You are calling mysql_insert_id() once after four separate INSERTs, and using that ID four times for albumsId, artistId, genreId and yearId. That doesn't seem right.

You should also check that your tables are using AUTO_INCREMENT fields. If not, mysql_insert_id() will not return the insert ID. See the docs:

http://www.php.net/manual/en/function.mysql-insert-id.php

I highly recommend that you use prepared statements with mysqli::prepare, perhaps via PDO. It's ultimately simpler and safer. Here's an untested example:

$dsn = 'mysql:dbname=test;host=127.0.0.1';
$user = 'dbuser';
$password = 'dbpass';

$dbh = new PDO($dsn, $user, $password);

$stmt_artist = $dbh->prepare(
    'INSERT INTO `table_artist` (artistName) VALUES (?)'
);

$stmt_albums = $dbh->prepare(
    'INSERT INTO `table_albums` (albumName) VALUES (?)'
);

$stmt_genre = $dbh->prepare(
    'INSERT INTO `table_genre` (musicGenre) VALUES (?)'
);

$stmt_year = $dbh->prepare(
    'INSERT INTO `table_year` (albumYear) VALUES (?)'
);

$stmt_link = $dbh->prepare(
    'INSERT INTO `table_link` (albumsId, artistId, genreId, yearId) '.
    'VALUES (?, ?, ?, ?)'
);

$stmt_albums->execute(array( $artist ));
$artist_id = $dbh->lastInsertId();

$stmt_albums->execute(array( $album ));
$album_id = $dbh->lastInsertId();

$stmt_genre->execute(array( $genre ));
$genre_id = $dbh->lastInsertId();

$stmt_year->execute(array( $year ));
$year_id = $dbh->lastInsertId();

$stmt_link->execute(array( $artist_id, $album_id, $genre_id, $year_id ));

You need to call it separately for each insert, and store the result of each call separately. Like this:

$sql = 'INSERT INTO `'.TABLE_ARTIST.'` (artistName) VALUES ("'.$artist.'")';
$resultArtist = mysql_query($sql);
$lastArtistId = mysql_insert_id();
$sql = 'INSERT INTO `'.TABLE_ALBUMS.'` (albumName) VALUES ("'.$album.'")';
$resultAlbums = mysql_query($sql);
$lastAlbumId = mysql_insert_id();
$sql = 'INSERT INTO `'.TABLE_GENRE.'` (musicGenre) VALUES ("'.$genre.'")';
$resultGenre = mysql_query($sql);
$lastGenreId = mysql_insert_id();
$sql = 'INSERT INTO `'.TABLE_YEAR.'` (albumYear) VALUES ("'.$year.'")';
$resultYear = mysql_query($sql);
$lastYearId = mysql_insert_id();
$sql = 'INSERT INTO `'.TABLE_LINK.'` (albumsId,artistId,genreId,yearId) VALUES ("'.$lastAlbumId.'","'.$lastArtistId.'","'.$lastGenreId.'","'.$lastYearId.'")';

Also, it only works if each of tables you're inserting into has AUTO_INCREMENT enabled.

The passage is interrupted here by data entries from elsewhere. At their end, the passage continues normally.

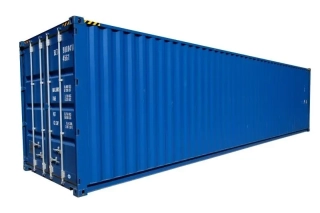 Sales of shipping containers
          Shipping container 40'HC new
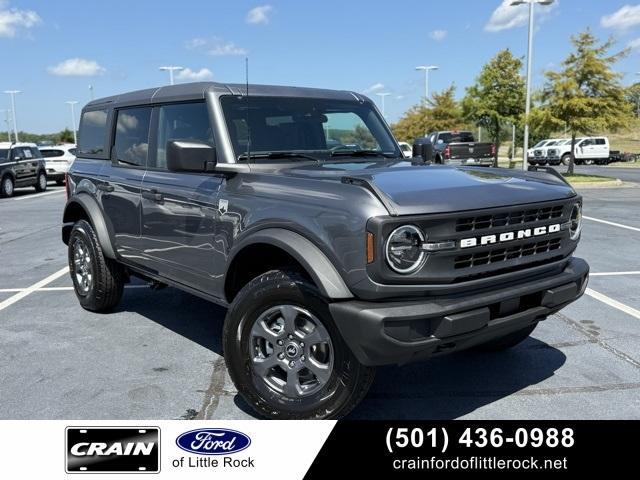 new 2025 Ford Bronco car, priced at $45,649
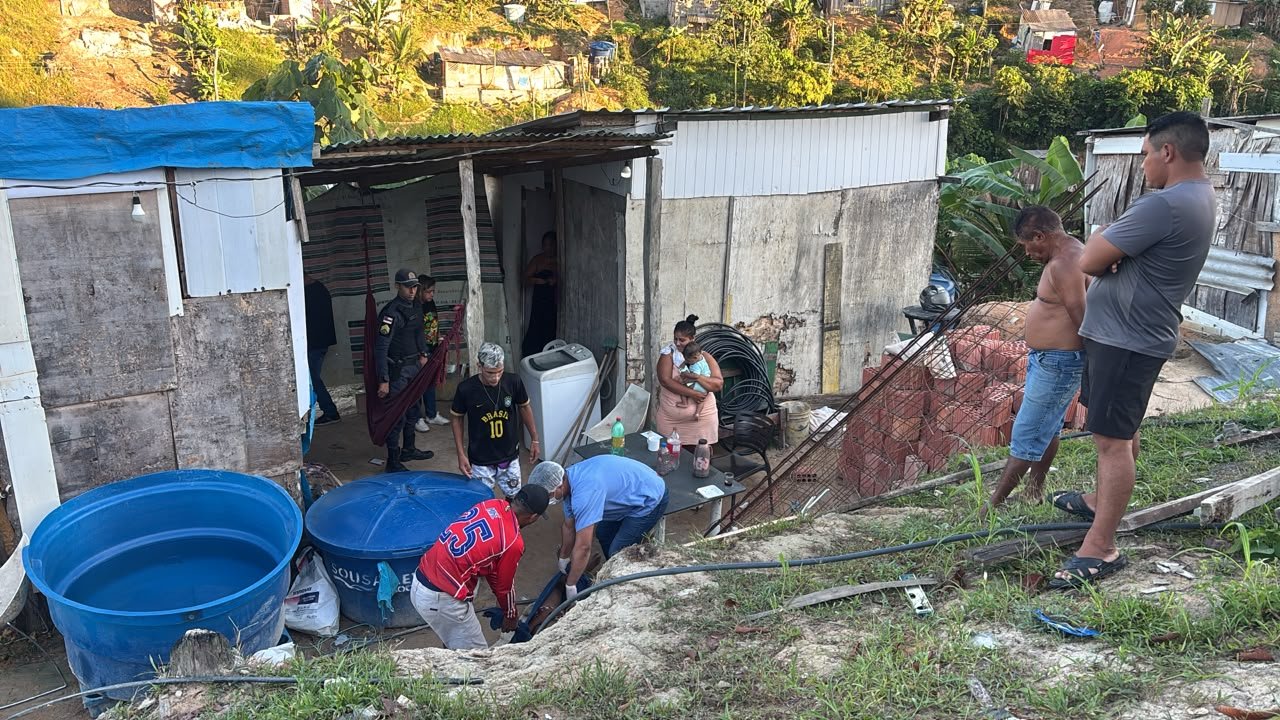 Homem morre ao sofrer mal súbito enquanto tentava agredir esposa no Nova Cidade
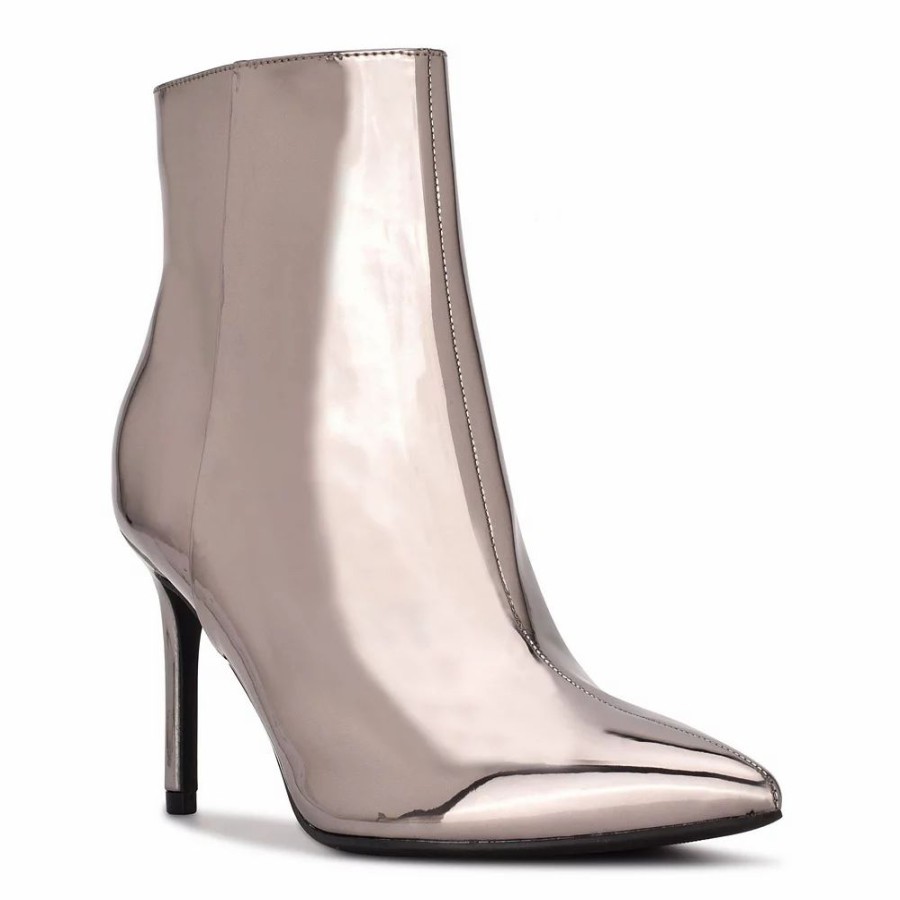 Boots * | Nine West Gurly Women'S High Heel Ankle Boots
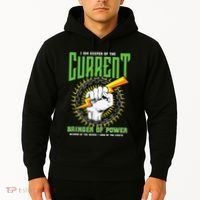 Funny Electrician Gift Electrical Engineer Lineman Hoodie thumb 2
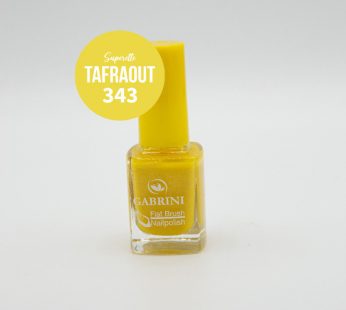 Vernis Gabrini Jaune N?343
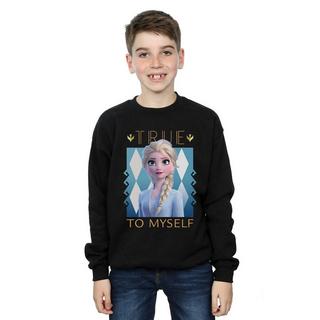 Disney  Frozen 2 True To Myself Sweatshirt 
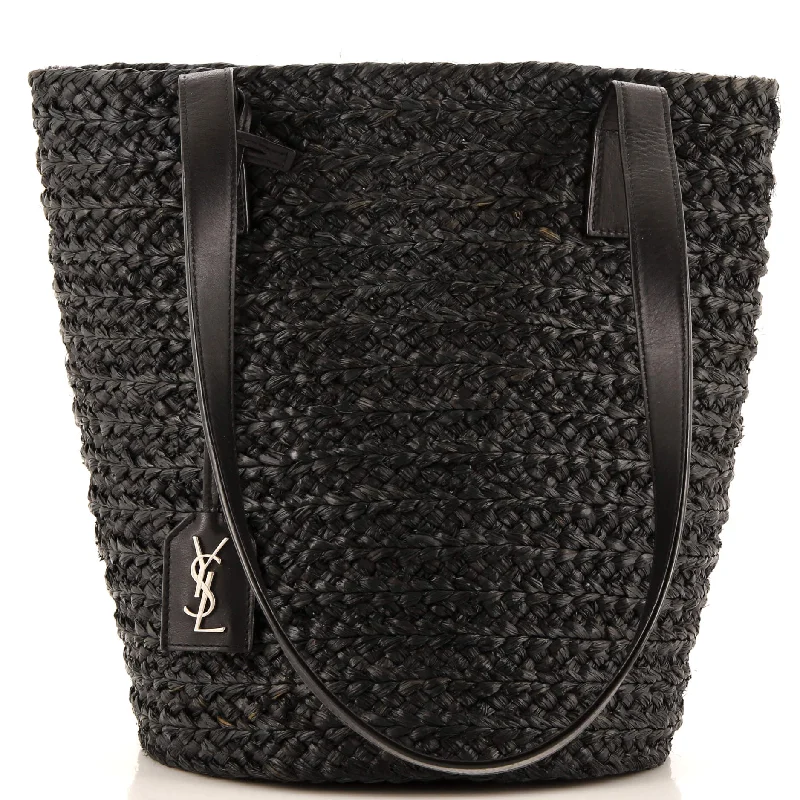 Christian Dior backpacks with a sleek, minimalist silhouettePanier Basket Shopper Raffia Small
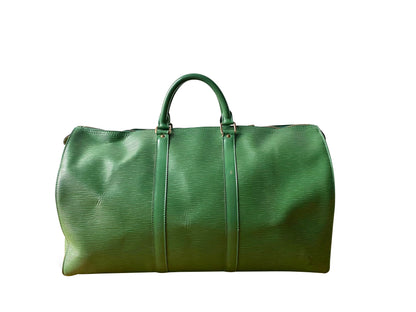 LOUIS VUITTON Epi Keepall 50 Borneo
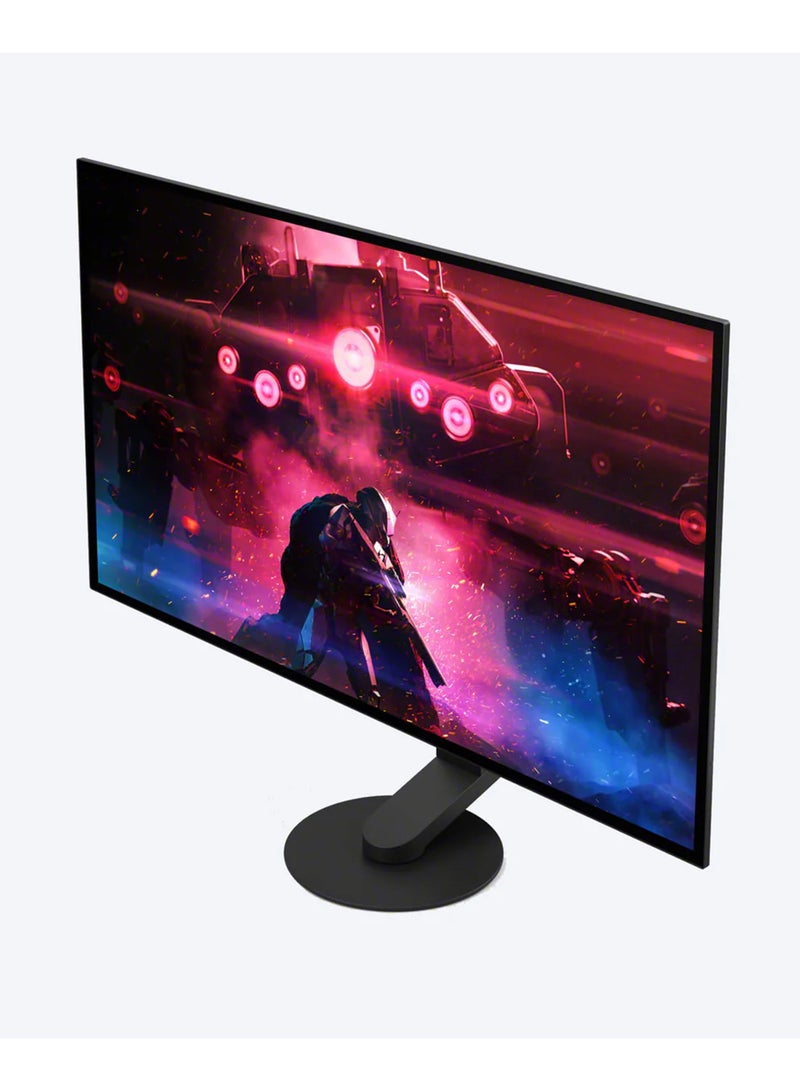 Sony 27 inch OLED QHD INZONE M10S (2560x1440) Gaming Monitor, 480Hz 0.03ms GTG NVIDIA G-SYNC Compatible, Display HDR True Black 400, Anti-Glare, DisplayPort 2.1, VRR HDMI 2.1, USB, Tilt/Swivel/Height Black - Image 3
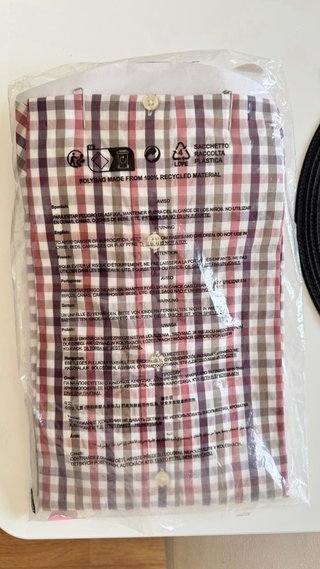 Camisa Cortefiel Talla L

Did you ever try to debug your code?

With echo() (for showing your SQL queries) or var_dump() (for checking the results of e. g. mysql_insert_id(), mysql_query()).

Also check mysql_error().

Furthermore be sure to set the resource identifier in your mysql_*() functions. It's possible to have more than just one open MySQL resource - so be sure to identify the resource.

For example:

$result = mysql_query($SQL, $connection);
$lastInsertID = mysql_insert_id($connection);

And - it's very important to know that mysql_insert_id() just works with tables which have an AUTO_INCREMENT-field.

And what's also interesting with your code: you call mysql_insert_id solely after the last of 5 queries. Is this really wanted? So you only receive the ID of your last INSERT query.